▸ WORK ITEM: Print every entry again exactly, with no pictures.
§ §
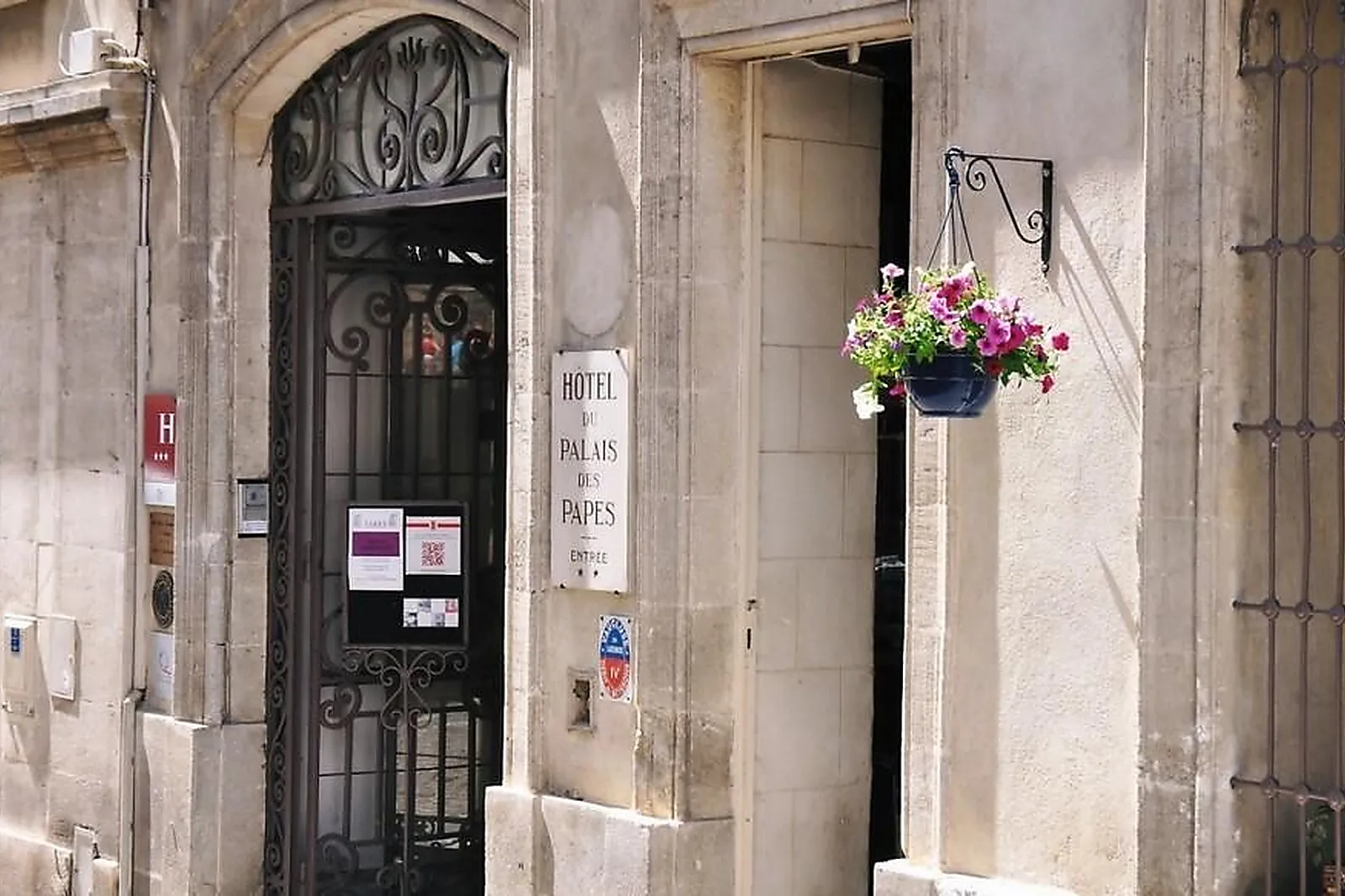 Lieux événementiels, HÔTEL DU PALAIS DES PAPES - RESTAURANT LE LUTRIN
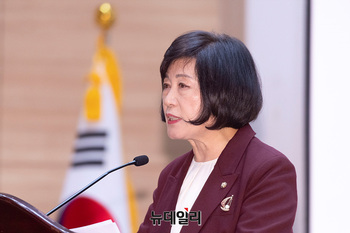 [포토] '이승만 독립외교 33년' 다큐멘터리 시사회, 개회사하는 정경희 의원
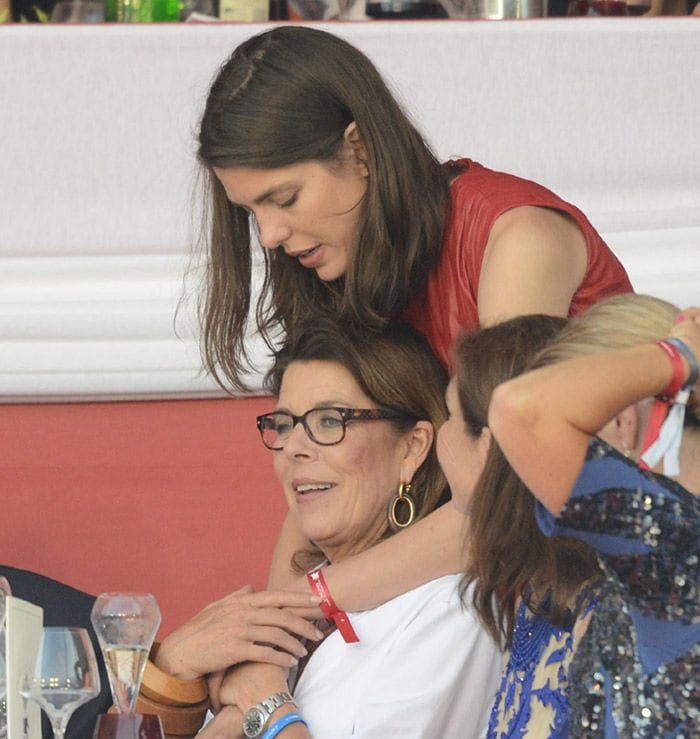 Durante el torneo, Carlota no se separó de los suyos y se mostró especialmente cariñosa con su madre, a la que dedicó cariñosos besos y abrazos.
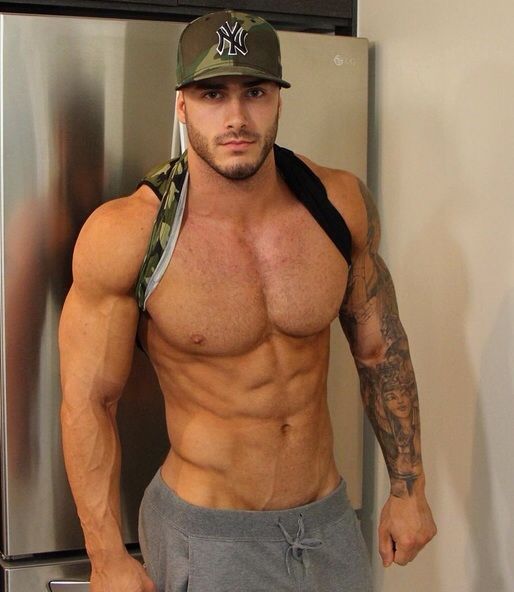 Muscle tugging gaysex schoolgirl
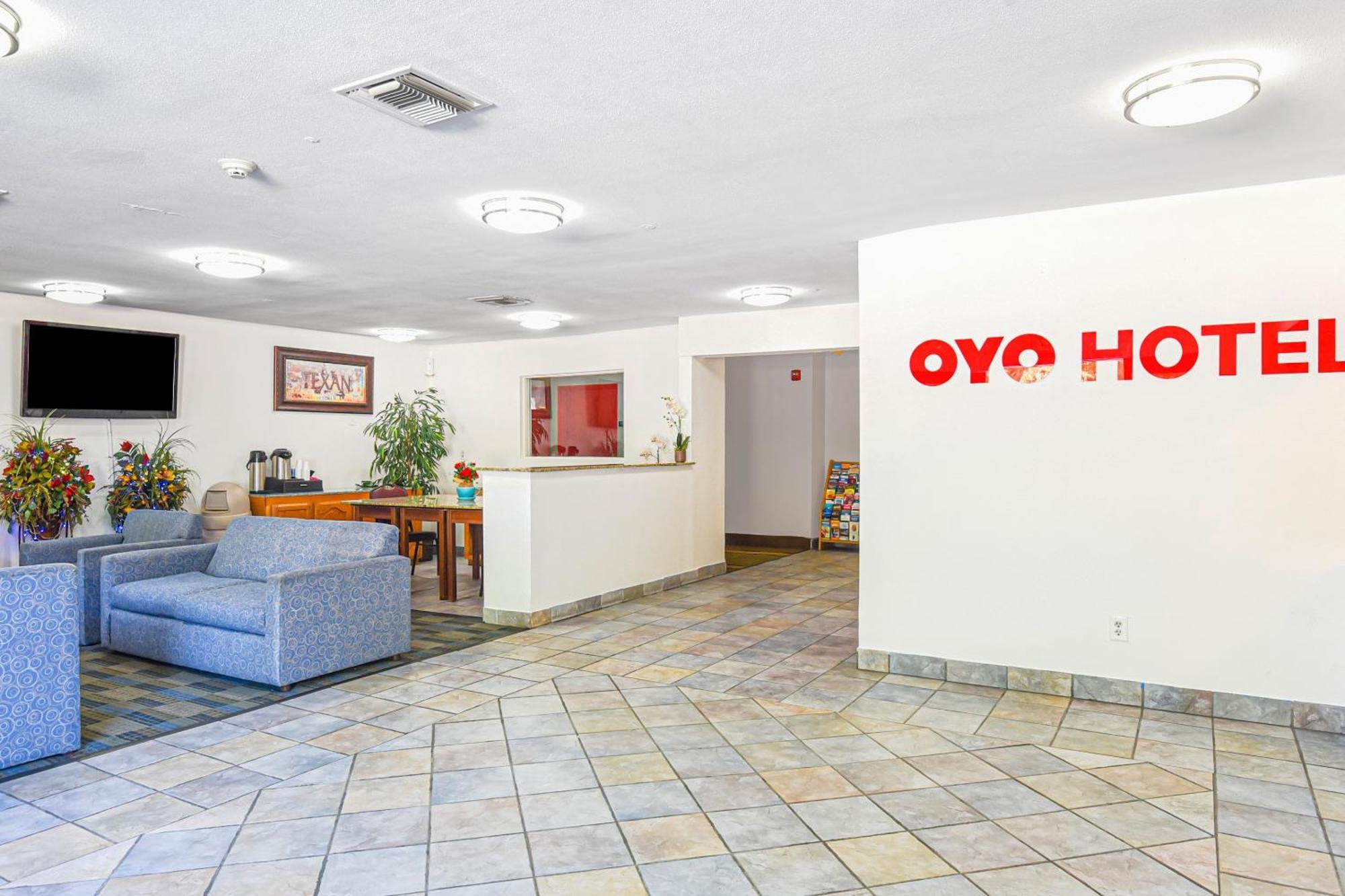 Oyo Hotel Irving Dfw Airport South Exterior photo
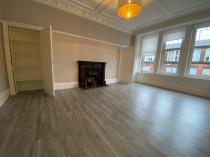 Property to rent in clarence drive flat 2/1 at 46
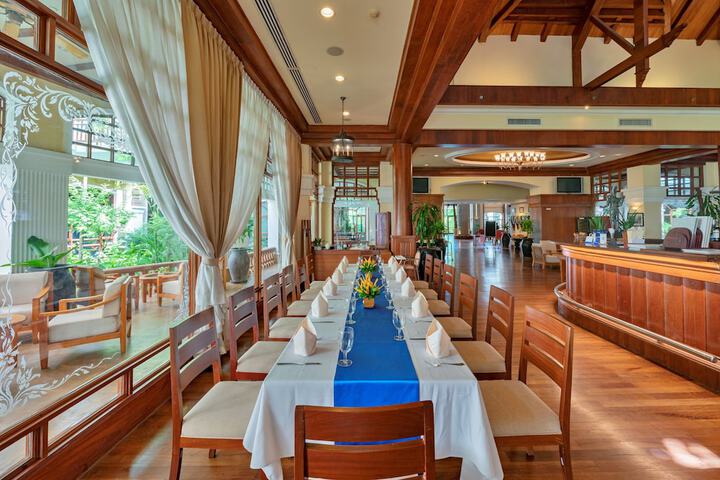 Dining 68 of 104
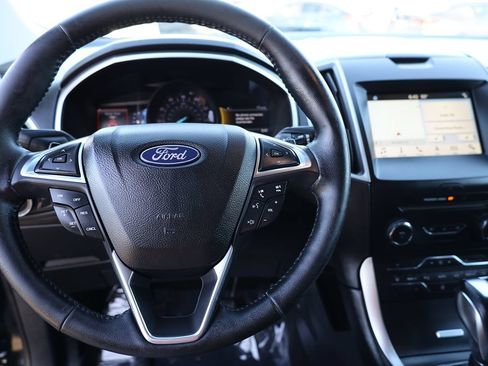 Used 2018 Ford Edge SEL FWD image 23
§ §
▸ SOLUTION:
 Lieux événementiels, HÔTEL DU PALAIS DES PAPES - RESTAURANT LE LUTRIN
 [포토] '이승만 독립외교 33년' 다큐멘터리 시사회, 개회사하는 정경희 의원
 Durante el torneo, Carlota no se separó de los suyos y se mostró especialmente cariñosa con su madre, a la que dedicó cariñosos besos y abrazos.
 Muscle tugging gaysex schoolgirl
 Oyo Hotel Irving Dfw Airport South Exterior photo
 Property to rent in clarence drive flat 2/1 at 46
 Dining 68 of 104
 Used 2018 Ford Edge SEL FWD image 23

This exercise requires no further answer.